Now we will create a loop that preserves this data, then references the temporary file with the labels we want for each variable-value.

foreach x in country state district town {
    tempfile `x'do                              
    preserve                                        
        use `labels', clear                             // Reference the "labels" tempfile we made earlier
        keep if name == "`x'"                           // Keep only the rows where name is the name of the label we want to define
        qui sum value                                   // Allows me to reference r(N) later, the number of rows in the dataset
        forvalues i = 1/`r(N)' {                        // Inner loop generates value/label pair for each unique value of x
            local value = value[`i']                    // Pulls out the value for row 1, 2, 3,... etc.
            local label = label[`i']                    // Pulls out the label string for row 1, 2, 3,.. etc.
            label define `x' `value' "`label'", add     // Define and continuously add to label definition each time it loops
        }                                               // End inner loop
        label save `x' using ``x'do', replace           // Saves label instructions in temporary do file so we can access it after "restore"
    restore
    do ``x'do'                                          // Re-create the labels in our main dataset (they were lost after "restore")

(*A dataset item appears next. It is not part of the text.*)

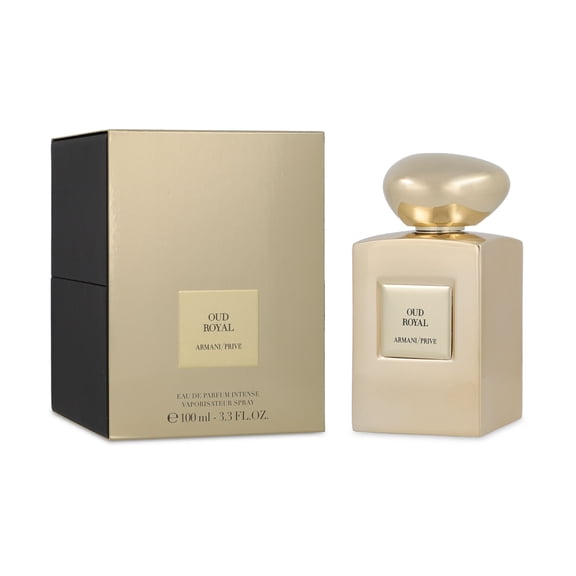 ARMANI PRIVE OUD ROYAL INTENSE 100ML EDP SPRAY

    label values `x' "`x'"                              // Apply label to values                                
}                                                       // End outer loop

And voila! Labels for each variable have been generated and applied. The answer seems long, but remember that we had to create mock-data first. The loop is all you actually need if you have your labels defined such that the "name" in the labels file is the same as the variable name you want to assign that value to.